Indeed, many of us in the SaaS world had an 'I-told-you-so' moment when we read of the reasons for the slippage in Business ByDesign's release schedule. "The initial deployments showed unique customer configuration and other issues they had not anticipated in the labs," wrote fellow-EI Vinnie Mirchandani from Orlando. Brian Sommer expanded in robust style:
"SAP executives admitted that their new on-demand solution encountered challenges the company had previously never encountered. First, SaaS was an entirely new space. Second, the company couldn't fully 'leverage their 35 year experience' in application software as these customers were not the typical SAP customer and the solution would be used differently than its prior on-premise solutions. One SAP executive said they 'thought they knew this market' but that wasn't exactly true. Lastly, their development staff was caught by surprise as they did not have the same level of control with this product as they have had with other product lines."
Another EI, Charlie Wood added further detail:
"In private sessions with the Enterprise Irregulars yesterday, SAP co-CEO's Henning Kagermann and Léo Apotheker blamed the delay on unexpected scalability and operational issues and, interestingly, labor costs. Apparently the on-boarding and upgrade processes are largely manual, making them not only labor-intensive but also error-prone. Also intriguing was Dr. Kagermann's assertion that the next version of NetWeaver will help alleviate some of the problems."
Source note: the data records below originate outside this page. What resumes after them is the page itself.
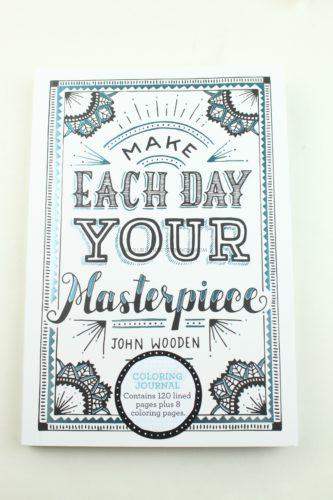 Make Each Day Your Masterpiece Journal 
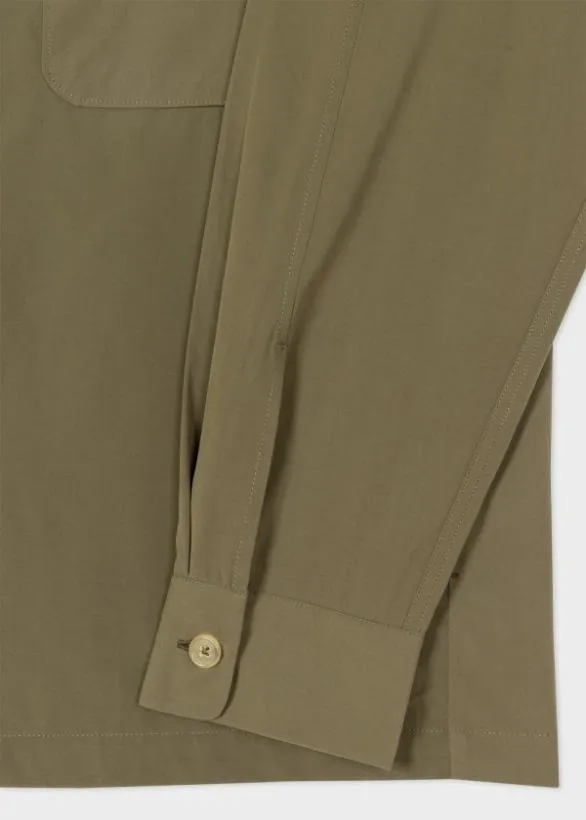 Paul Smith Shirts CottonBlend Shirt Jacket Khaki 8211 Mens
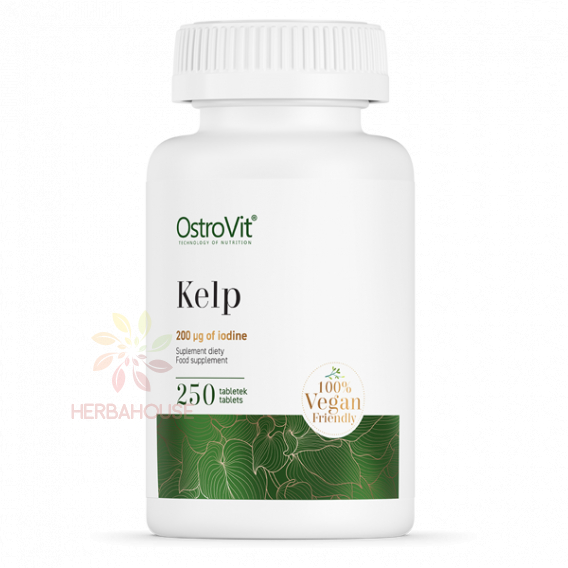 Obrázok pre Ostrovit Jód extrakt z kelpu 250 tabliet (200 mcg jódu/tab)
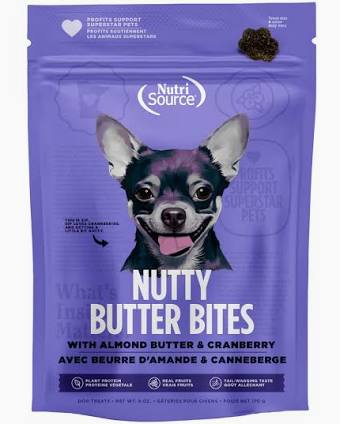 Nutri Source Nutty Butter Bites Almond/Cranberry 6 oz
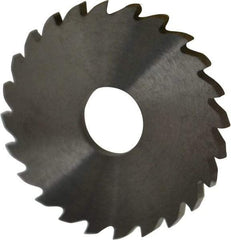 RobbJack - 1-3/4" Diam x 1/8" Blade Thickness x 1/2" Arbor Hole Diam, 24 Tooth Slitting and Slotting Saw - Arbor Connection, Right Hand, Uncoated, Solid Carbide, Concave Ground - Benchmark Tooling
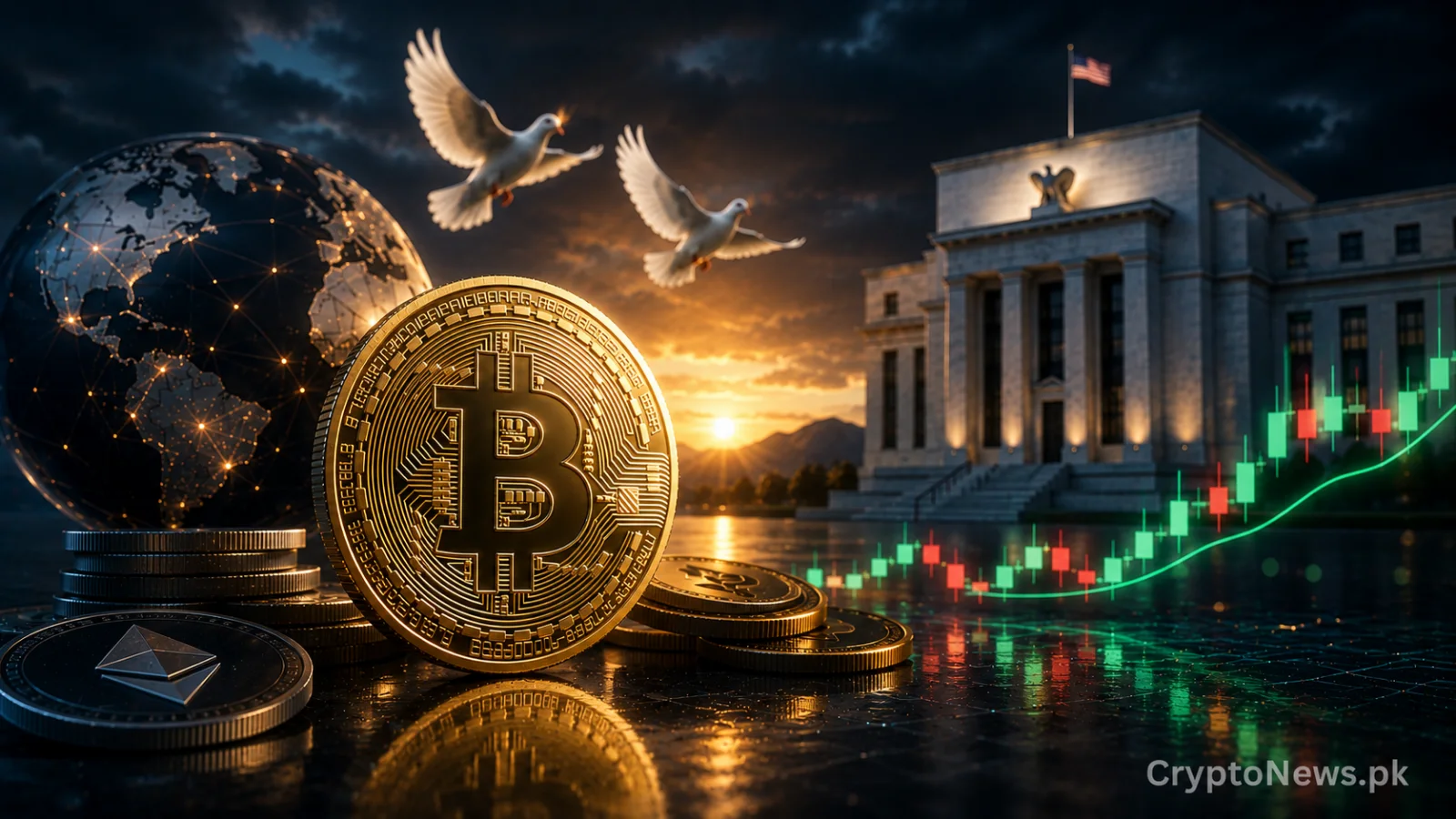 جیو پولیٹیکل تناؤ میں کمی اور فیڈرل ریزرو کے فیصلے سے قبل سنہری Bitcoin کا استحکام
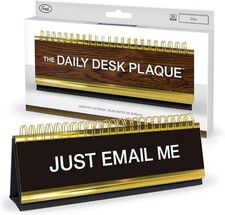 Daily Desk Plaque Desktop Flip Book, Assorted
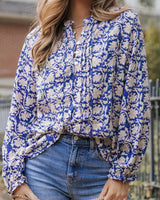 Rue Ethnic Floral Blouse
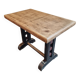 Antique oak bistro table – France, 1920s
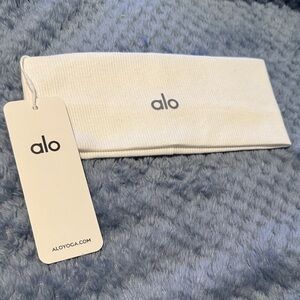 ALO Yoga Classic White Hairband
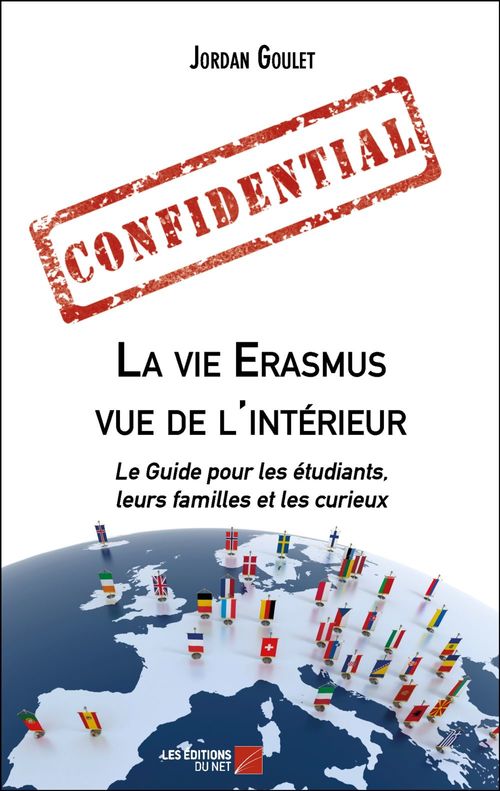Couverture ebook de La vie Erasmus vue de l'intérieur, de Jordan Goulet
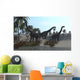 Three Brachiosaurus Dinosaurs Grazing Wall Decal Design 3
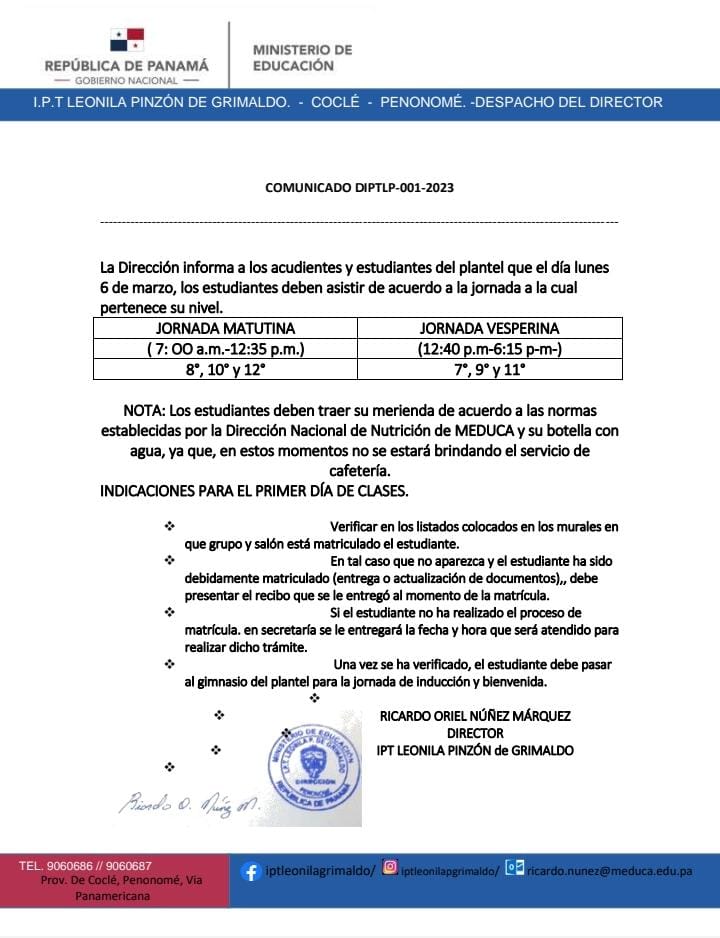 Comunicados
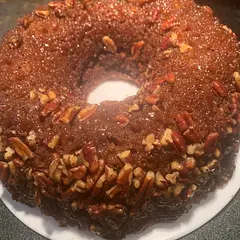 Made one side with less pecans for my husband. But it came out perfect!  Can’t wait to try it for Thanksgiving tomorrow. 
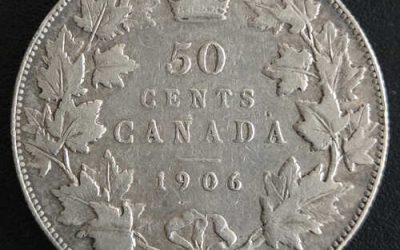 Canada VF 1906 Edward VII Silver 50 Cents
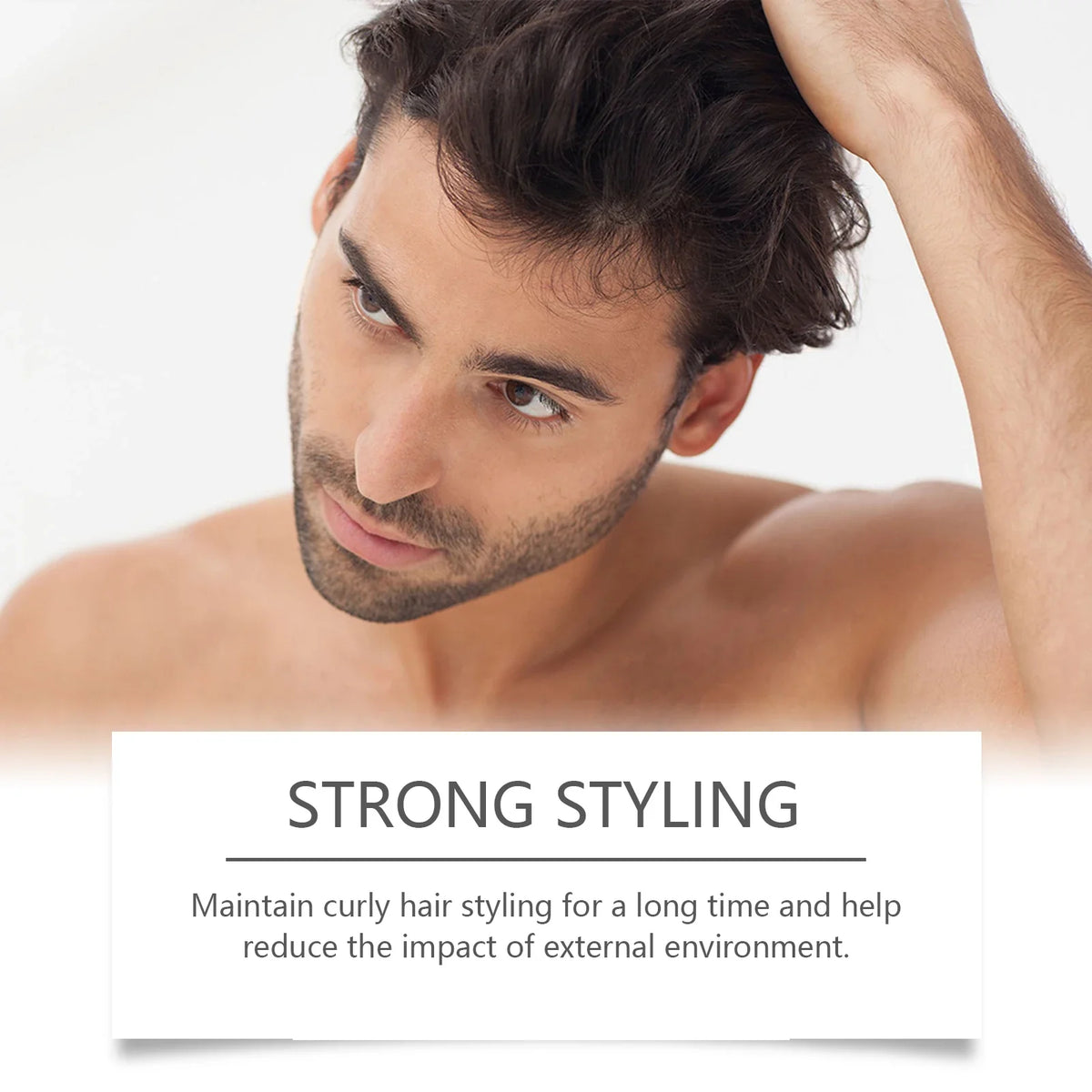 HOEGOA Men's Hair Clay Wax – Strong Hold Pomade 100g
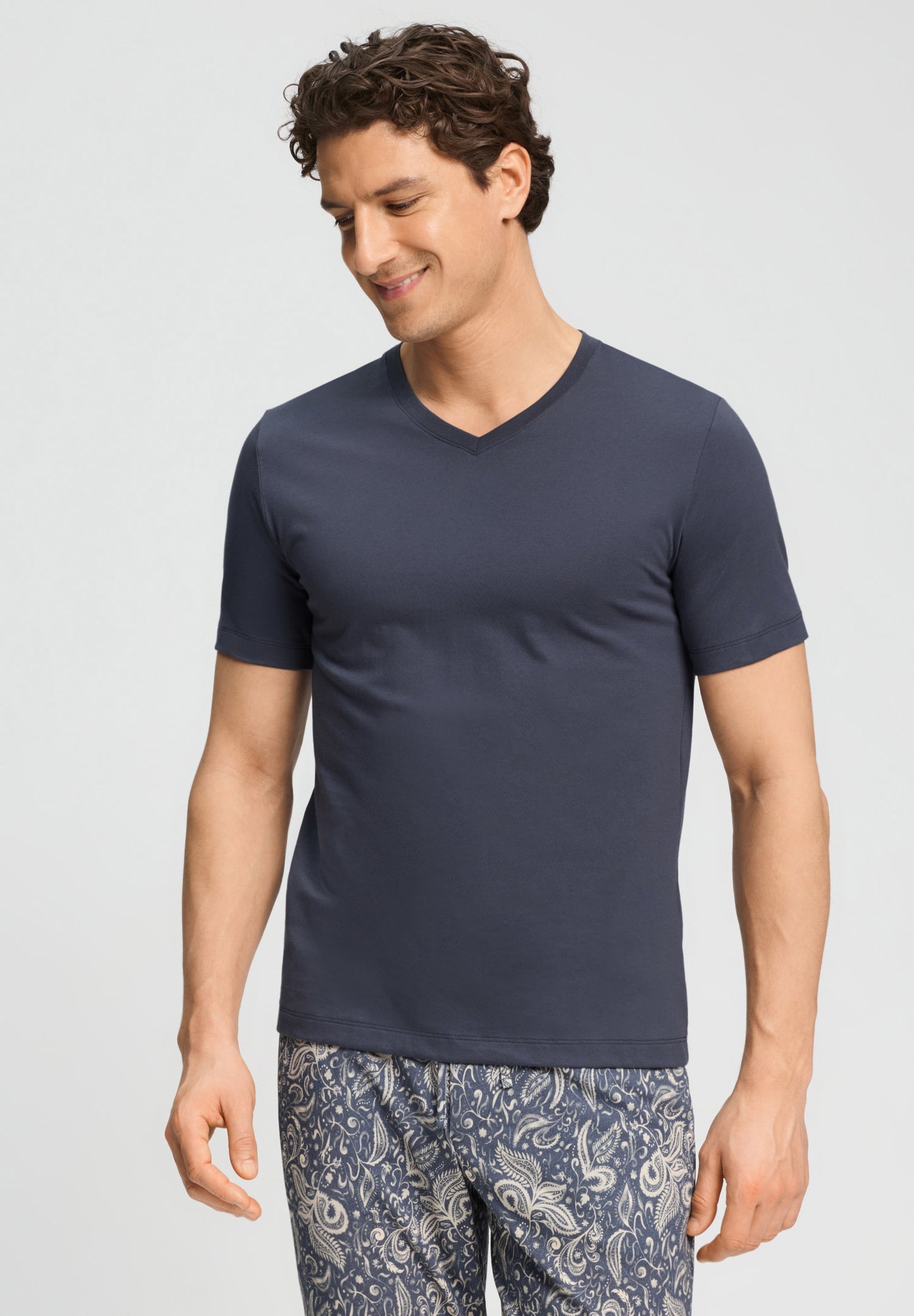 Living Shirts-S/Slv Shirt V-Neck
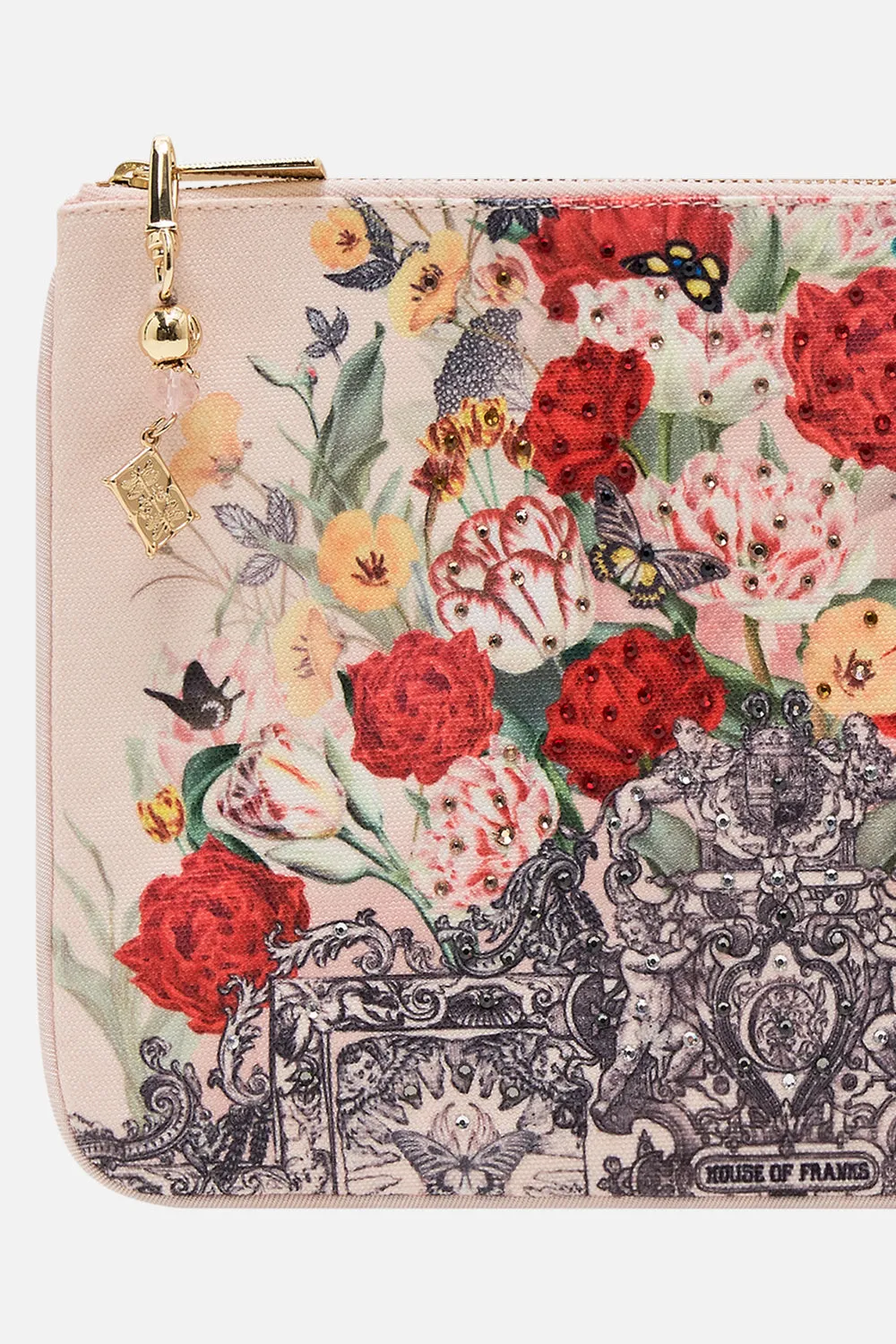 SMALL CANVAS CLUTCH ETCHED INTO ETERNITY sold by Camilla product image thumbnail 3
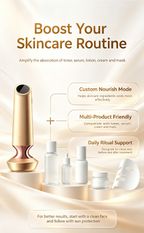 Thermal Ultrasound Facial Beauty Device, EMS Microcurrent Lifting Machine, Face & Neck Anti-Aging Skin Tightening Tool for Sensitive Skin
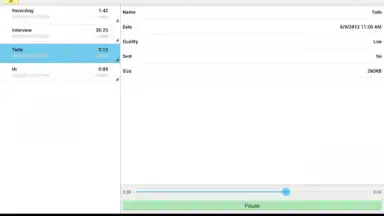Captura de tela de Audio Memos 11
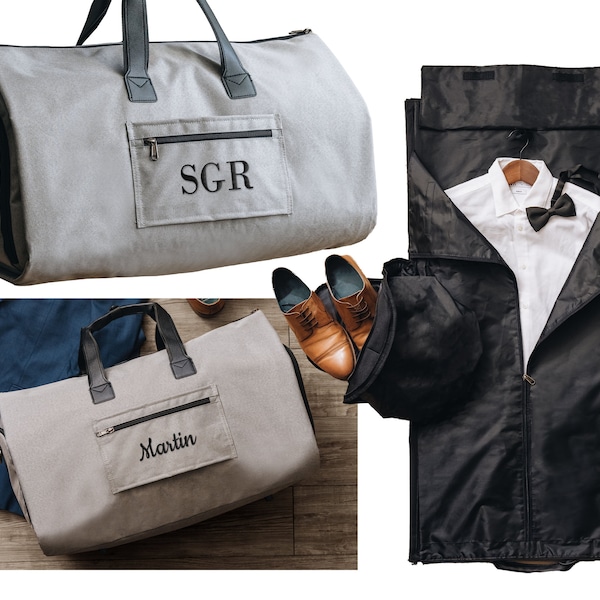 Housse à vêtements pour hommes | Sac de sport personnalisé | Proposition de garçons d'honneur | Sac week-end personnalisé | Cadeaux de Saint-Valentin pour mari | Économiseur de costume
That reference to NetWeaver highlights another area of conflict for conventional software vendors. Business ByDesign is built on SAP's NetWeaver platform and it needs to migrate to the new 7.1 release to resolve some of those automation issues. No wonder the development staff were complaining of lack of control. Instead of being able to move ahead on their own initiative to resolve those problems as soon as they were encountered, they've had to wait in line for a separate team serving SAP's on-premise customer base to deliver those much-needed platform improvements (and then adapt them to their own needs).
At this rate, Business ByDesign is turning into a masterclass in how SaaS innovation can never thrive inside a conventional software company. Its developers started out grossly underestimating the scale of the task ahead of them. Now that they've started to understand what they're up against, they're being starved of development resources and marketing spend. Apotheker told us this morning that knocking back Business ByDesign's schedule by 18 months didn't matter "because the rest of the business is really delivering well." Meanwhile, SAP's top management seems more interested in feeding back innovations from the Business ByDesign team back into its on-premise products than in accelerating the SaaS offering as fast as it can go.
From their perspective, the mission is far wider than SaaS. "Traditional software wasn't good enough," Apotheker freely admitted this morning. "There were too many issues around getting it to scale to the next level." SAP believes that solving those issues for SaaS is merely a part of solving them for all software, whether delivered as a service or implemented on-premise. "It is not about SaaS as the next level," he said. "It is about how do you get software to a point where it is perfect, you can consume it any way you want."